As I awoke to resume watch around 3:00 am, the waning gibbous moon was at midsky. The night was peaceful as the 3-5 foot waves rolled beneath the boat from the northwest. Radar revealed a line of showers to our north, but they seemed to be moving westwardly and did not reveal an immediate threat.
At 5:30 am, after wasting a little time out in the gulf in order to make our entry into San Carlos Bay with daylight, we lowered both sails and fired up the twin diesels. Remarkably, as we entered the bay we saw our first dolphins of the trip. There were three which crossed in front of us. The sky also turned ominous with dark clouds interspersed with streaks of lightning looming ahead. The dark brushstrokes of rain showers filled the sky around us. I put on my poncho expecting the worst. Once again, however, we were blessed to have only received about 5 minutes of moderate rain. There was no significant lightning or thunder directly overhead.
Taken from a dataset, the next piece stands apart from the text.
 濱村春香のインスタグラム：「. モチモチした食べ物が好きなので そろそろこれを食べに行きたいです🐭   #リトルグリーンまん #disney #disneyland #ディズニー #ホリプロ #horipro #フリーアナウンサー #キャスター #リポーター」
As we made our way under Span A of the Sanibel Causeway, it was cause for minor panic on Cindy’s part. We had just, yesterday, watched a video of a sailboat going under a bridge and losing its mast because the clearance was not sufficient. Our mast is just shy of 65 feet. The vertical clearance for Span A is 70 feet. So, I knew (intellectually, that is) that we would make it easily. But, no matter what one’s mind tells him about the logical impossibility of losing his mast, the heart palpitates with fear as one approaches the span. Cindy was certain our mast was a goner. I must confess that, on our approach, I had some trepidation as well. Of course, we cleared it with ease.
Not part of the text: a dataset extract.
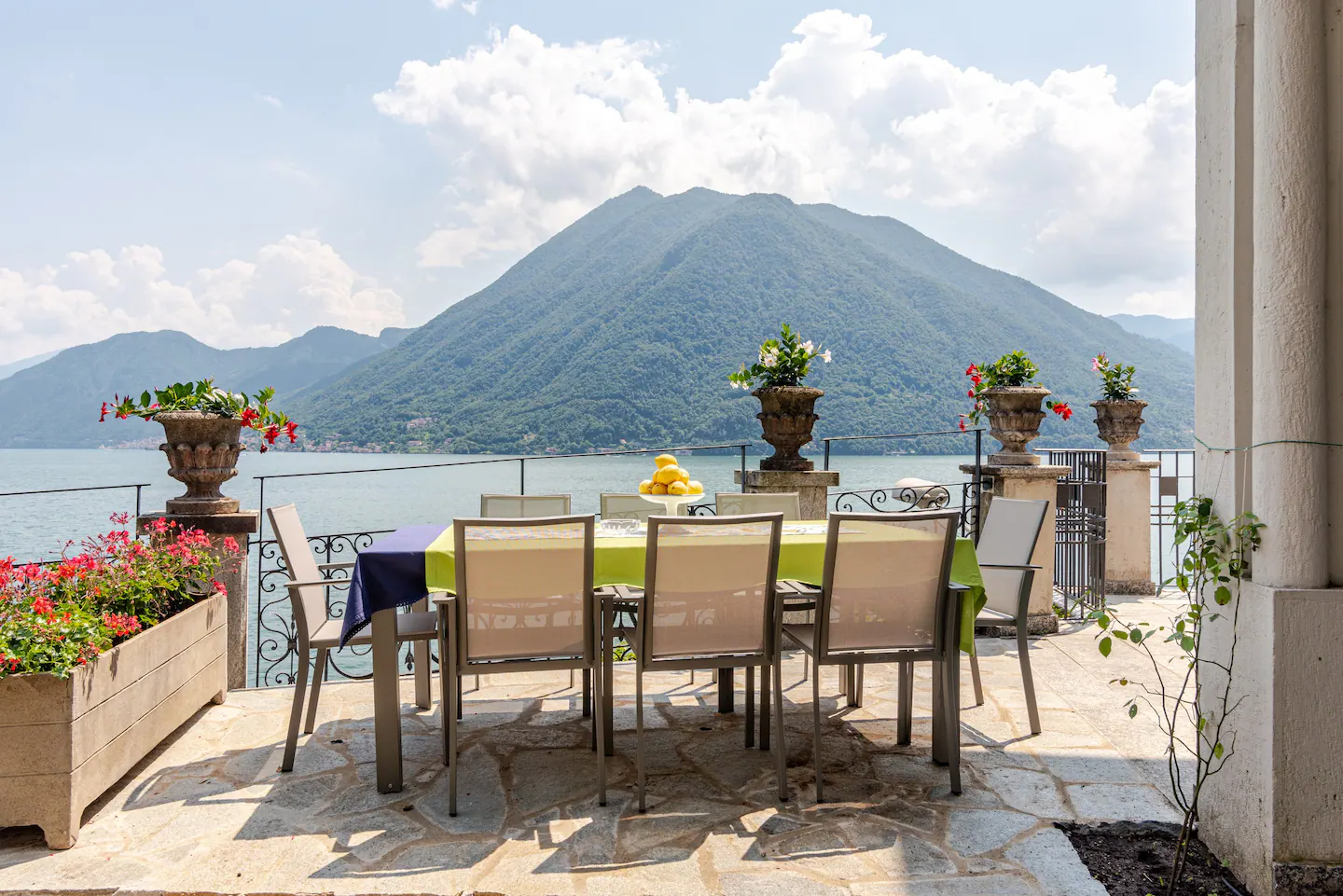 Luxury Lake View Villa Como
As the day dawned, we made our way through some of the most beautiful scenery imaginable. The landscape was littered with seemingly dozens of small islands covered with mangroves. Florida waterfowl played in this wildlife Disneyland. And, we saw boats. It is hard to believe, but from the time we entered the gulf until the time we exited the gulf, we saw no other boats of any kind. Here was evidence that the human race did still exist. We made our way north until we reached the Okeechobee waterway, at which time we made a 90 degree turn to port and motored for another hour or so until we reached our planned anchorage, the Ding Darling National Wildlife Refuge. This place is exceedingly beautiful and the anchorage is well protected. There is a large area of 5-6 foot deep water in which to drop an anchor. Many boats could fit in this anchorage, but there were only two when we arrived. We’ll have to come back another time when we can actually visit the wildlife refuge, which offers nature walks and canoe trips. There are reportedly a number of Florida alligators, anhinga “snakebirds”, egrets, storks, great blue herons, and a number of other species.
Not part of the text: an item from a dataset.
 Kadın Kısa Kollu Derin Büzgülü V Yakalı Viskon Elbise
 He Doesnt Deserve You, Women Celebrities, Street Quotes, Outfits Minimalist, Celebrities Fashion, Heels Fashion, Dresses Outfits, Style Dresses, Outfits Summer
We anchored at 9:20, did a little boat picking up after the at times boisterous trip, and took showers (after I caught a quick cat nap). We had some of the most delicious BLT sandwiches for lunch and then went exploring in the dinghy. Unfortunately, our explorations were thwarted. Due to low tide and sand bars, access to the island was limited (unless we wanted to dinghy quite a distance). So, after a little exploration from our dinghy we decided to head back to Beatitude and simply relax. The two boats that were there when we left had departed. We had this fantastically beautiful anchorage all to ourselves. Wow!
The day was completed by a beautiful sunset, some burgers, hot dogs, and corn on the grill, a card game of “10 Down” (which I won, of course), and a movie, “The Lord of the Rings: The Return of the King.” Cindy, Christy, and I had watched the first two installments of the trilogy before beginning our 6-day adventure. It was much better the second time around!